Drought is also taking a devastating toll on the Horn of Africa, where four consecutive failed rainy seasons have left millions of people facing severe famine, the United Nations World Food Programme has warned.
“The places that are most susceptible to climate change are countries that really rely on local agriculture, so they are the ones that are more likely to suffer the socioeconomic effects of climate change,” Kirtman said.
The climate emergency is here, Clement warned. “We’re already experiencing the impacts, whether it’s tidal flooding in Miami, extreme drought in Africa, or wildfires in California. And what we can expect to see in the future is that these trends of extreme weather will worsen as the atmosphere keeps warming and if nothing is done to ramp down greenhouse gas emissions,” she said.
Kirtman suggested that one thing people can do in the immediate future is to conserve water, since it is likely that the entire southern tier of the United States will be drier this winter.
But will the catastrophic weather of 2022 spur greater action on climate change?
“What’s leading to inaction on climate change now is not an information deficit,” Clement said. “For decades, we’ve had enough information to act.
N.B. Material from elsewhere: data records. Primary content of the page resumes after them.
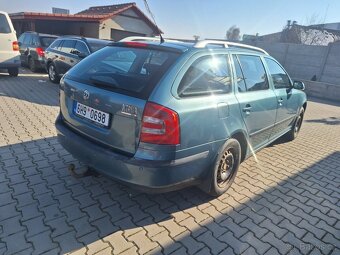 ŠKODA OCTAVIA II COMBI 1.6FSI/85KW - 4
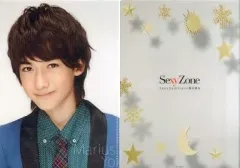 【中古】クリアファイル(男性アイドル) マリウス葉 A5ダブルポケットミニクリアファイル 「CD Sexy Summerに雪が降る」 Sexy Zone Shop 予約限定特典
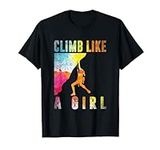 Bouldering Rock Climber Women Girls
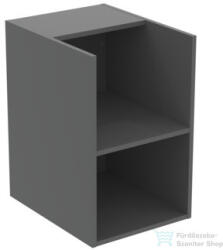 Ideal Standard I. Life B 40x50, 5x63 cm-es nyitott oldalsó szekrény, Quartz grey matt T5322NG (T5322NG)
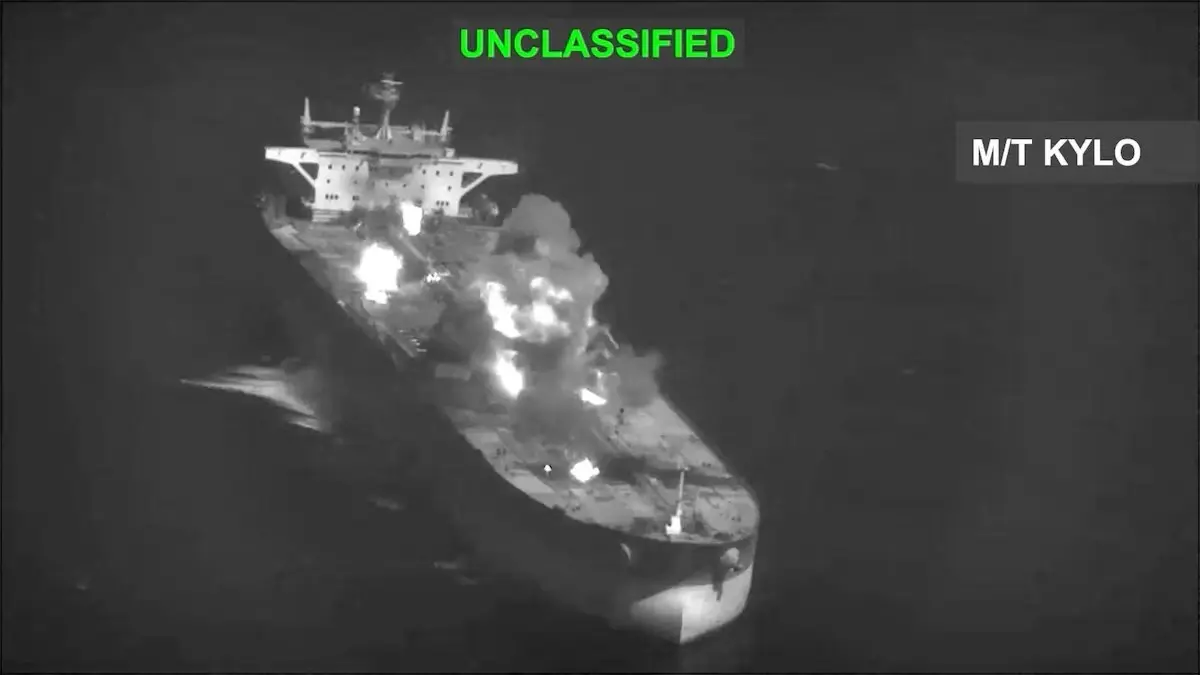 IRGC, US trade fire, attack oil tankers in Hormuz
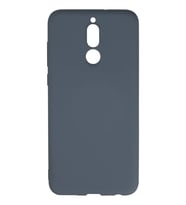 Mate 10 Lite Kılıf Nano içi Kadife Silikon - Gri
What’s happening now is that there’s a motivational deficit.”
Kirtman is hopeful that the U.S. will become a leader in cutting carbon emissions, but he recognizes the challenge.
“That’s the problem with climate change and mitigation—when countries do things that are harmful locally, the response is global, so the U.S. can’t change climate by itself,” he said.
What is clear is that the effects of climate change are indisputable and widespread, not only for the environment but also for world economies, said Renato Molina, an assistant professor of environmental science and policy at the Rosenstiel School, who has a courtesy appointment at the Miami Herbert Business School.
“Changes in weather patterns can make agriculture significantly less productive, which impoverishes farmers and their families,” Molina said. “Some fisheries might become more productive, but others might plainly collapse. Ecosystems and populations that rely on coral ecosystems might see those resources go away as corals bleach, for instance,” he added.
“It is hard to pin down all the specific impacts, as they are distributed throughout the whole economy,” Molina continued. “But what we know is that climate change is extremely costly for society as a whole.”